(Saved entries)
--------------------
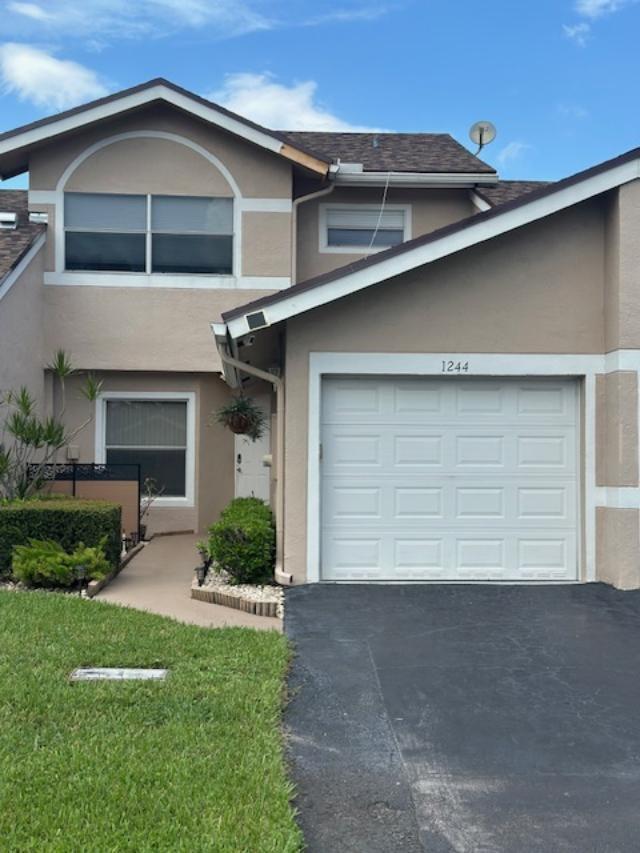 GREAT OPPORTUNITY TO MOVE INTO THIS UPGRADED 2 BEDROOM 2 AND A HALF BATH TOWNHOME WITH A ONE CAR ATTACHED GARAGE. FULL SIZE WASHER AND DRYER IN THE GARAGE. KITCHEN FEATURES SS APPLIANCES, BUILT IN MICROWAVE, GRANITE KITCHEN COUNTERTOPS, AND DARK WOOD KITCHEN COUNTERTOPS. MULTIPLE CEILING FANS THROUGHOUT. EXTENDED SCREENED IN PATIO WITH A SPECTACULAR LAKEVIEW WITH PATIO FURNITURE INCLUDED. FIRST MONTH AND ONE MONTH SECURITY FOR MOVE IN FUNDS WITH GOOD CREDIT AND GOOD INCOME. AMENITIES INCLUDE CLUBHOUSE, POOL., SPA AND TENNIS COURTS. GREAT LOCATION EASY ACCESS TO BOTH I-95 AND THE TURNPIKE. 15-20 MINUTES TO THE BEACH.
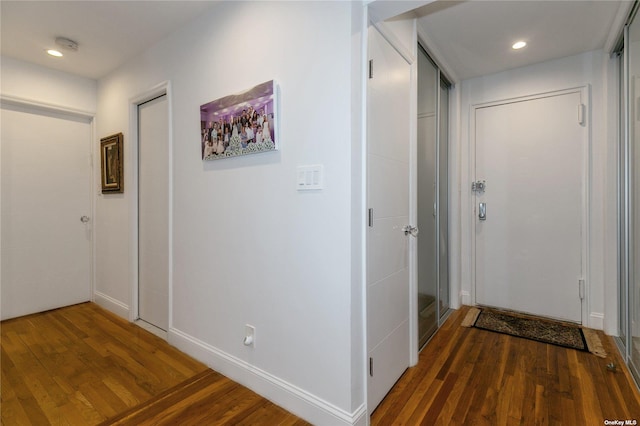 hallway featuring dark hardwood / wood-style flooring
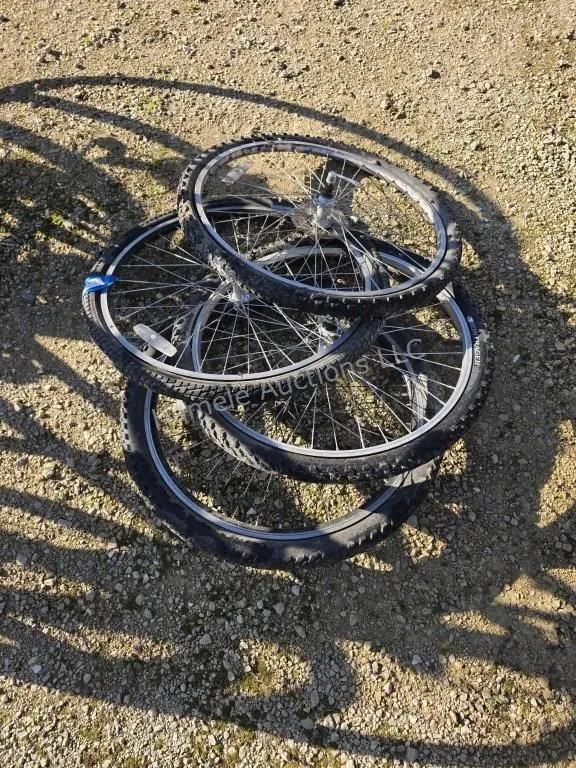 4 bicycle tires and rims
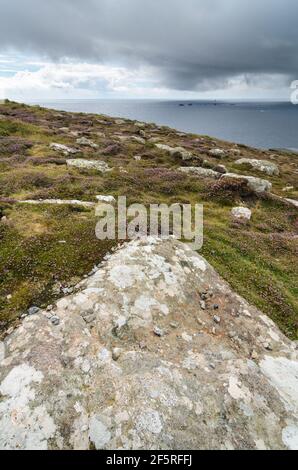 Ein stürmischer, regnerischer Tag mit Blick in den Atlantik zum Leuchtturm von Longships von Land's End in Cornwall, England. Stockfoto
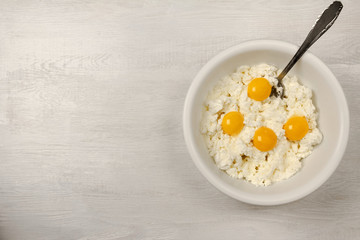 White bowl with ingredients for cheese cake.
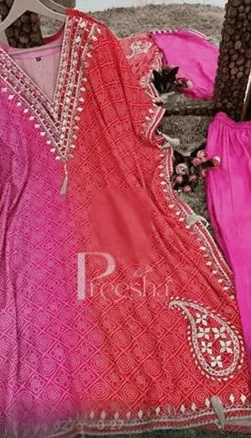 Red and pink printed kaftan with paisley embroidery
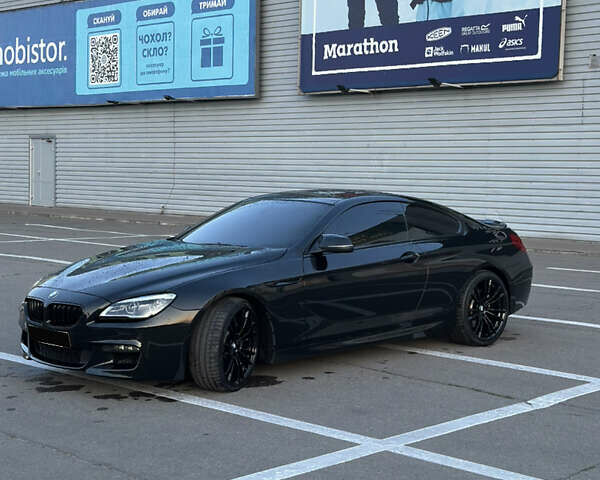 Черный БМВ 6 Серия, объемом двигателя 2.98 л и пробегом 170 тыс. км за 25000 $, фото 4 на Automoto.ua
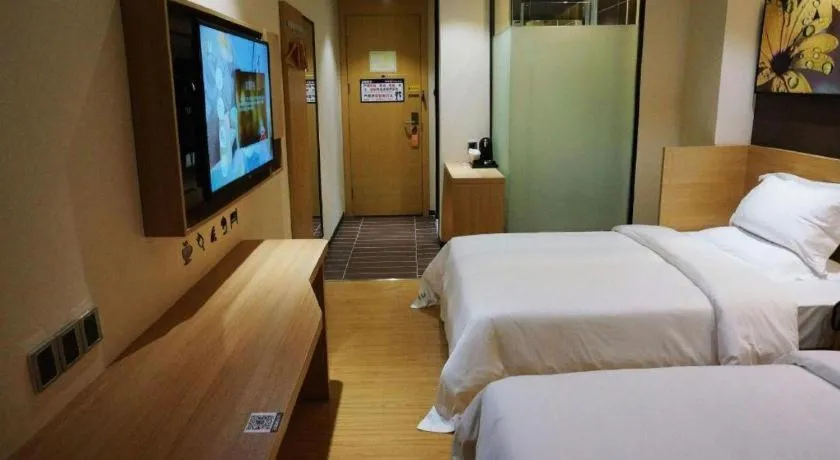 Bed in IU Hotel·Tianjin Binhai New District Yanghuo Market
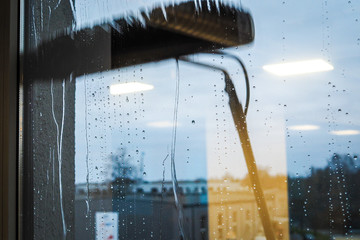 Window cleaning using telescopic water brush and wash system. Commercial window cleaning from the...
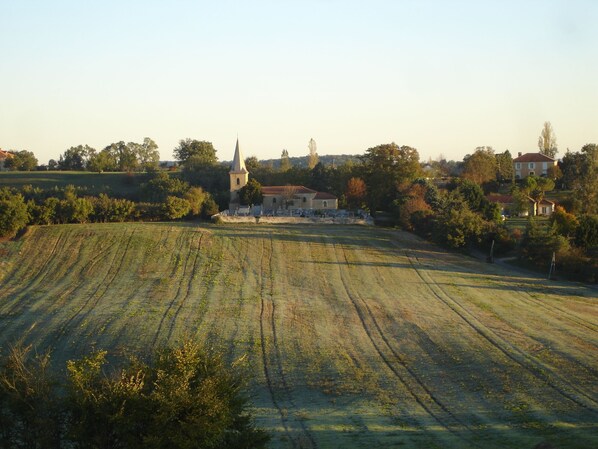 Paisaje rural con una iglesia, campos y casas dispersas.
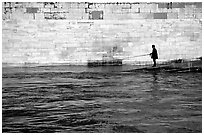 Man standing at water level fishing in the Seine River. Paris, France (black and white)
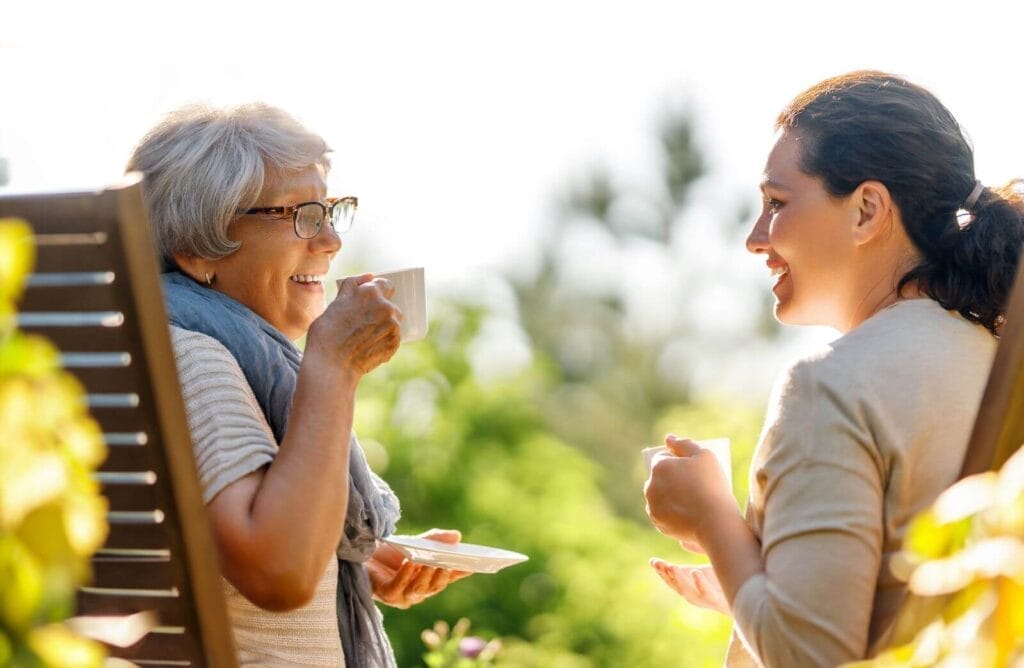 A woman and an older adult woman sit on chairs outside, drinking tea and smiling at each other.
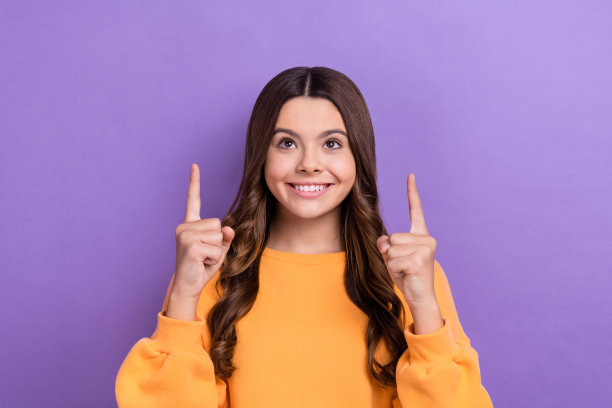 照片正面可爱的女士穿着冬季时髦的橙色毛衣两臂直接空的空间折扣孤立在紫色的背景图片下载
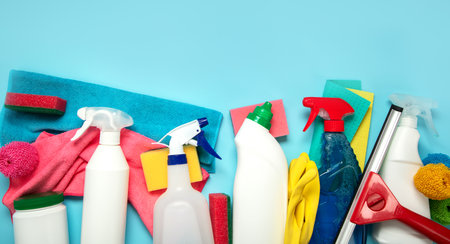 Cleaning supplies collection on blue background. Housework, cleaning service concept. Top view. Copy space.の写真素材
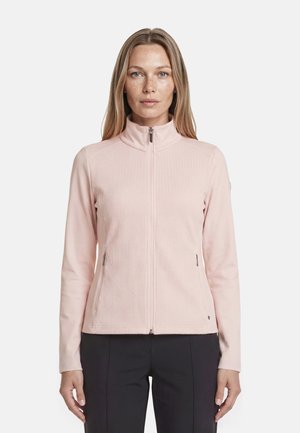 Mujer con chaqueta rosa claro con cremallera y cuello alto, y pantalones negros, de pie mirando hacia adelante contra un fondo liso.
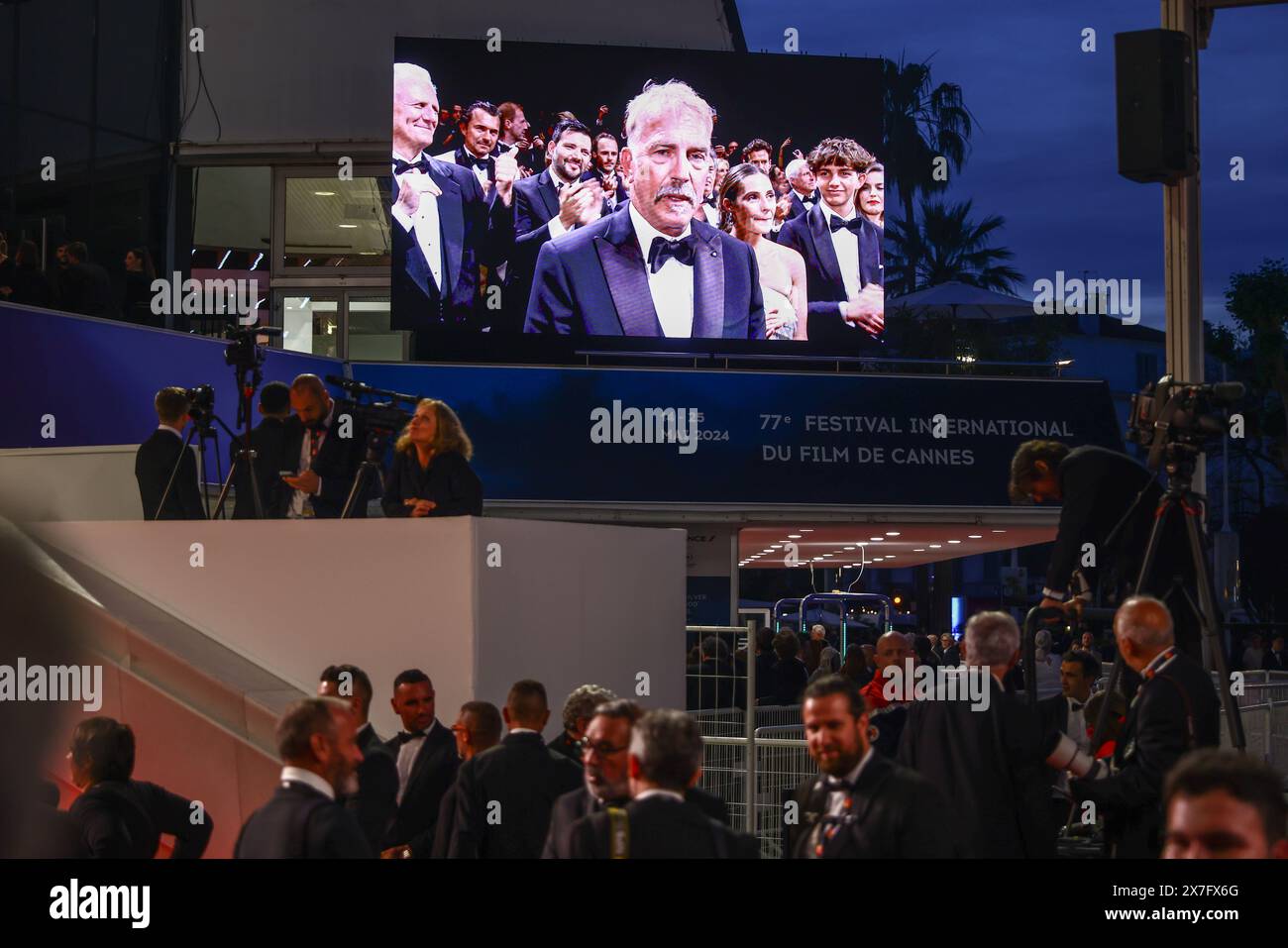 Cannes, France. 19th May, 2024. An outdoor screen is showing Kevin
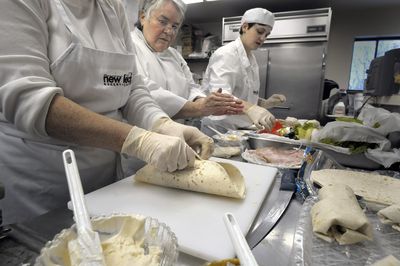 Chef instructor Vira Melendez-Redman, center, works with trainees including Keri Perdue, right, as they learn to make wraps Thursday. Trainees learn organization, food handling, time management, sanitation and other skills through the Transitions program at New Leaf Bakery and Café. (CHRISTOPHER ANDERSON / The Spokesman-Review)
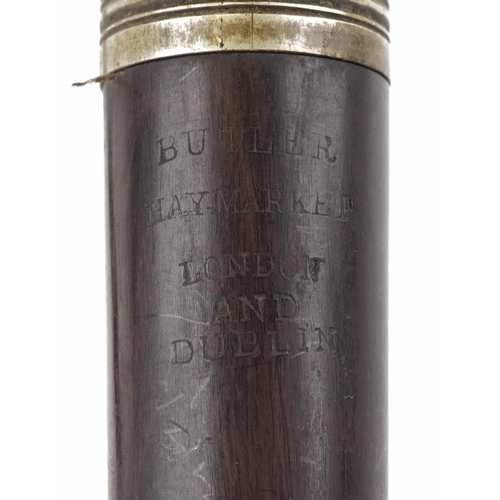 1016 - Three Victorian rosewood flute sections and a horn mouthpiece, of the pieces impressed Butler Haymar...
--------------------
ABOUT THIS TASK – Give again, word for word, the line that contains "照片正面可爱的女士穿着冬季时" and every line after it through the end of the entries; omit the pictures.

ANSWER SPACE –
 照片正面可爱的女士穿着冬季时髦的橙色毛衣两臂直接空的空间折扣孤立在紫色的背景图片下载
 Cleaning supplies collection on blue background. Housework, cleaning service concept. Top view. Copy space.の写真素材
 Mujer con chaqueta rosa claro con cremallera y cuello alto, y pantalones negros, de pie mirando hacia adelante contra un fondo liso.
 Cannes, France. 19th May, 2024. An outdoor screen is showing Kevin
 Chef instructor Vira Melendez-Redman, center, works with trainees including Keri Perdue, right, as they learn to make wraps Thursday. Trainees learn organization, food handling, time management, sanitation and other skills through the Transitions program at New Leaf Bakery and Café. (CHRISTOPHER ANDERSON / The Spokesman-Review)
 1016 - Three Victorian rosewood flute sections and a horn mouthpiece, of the pieces impressed Butler Haymar...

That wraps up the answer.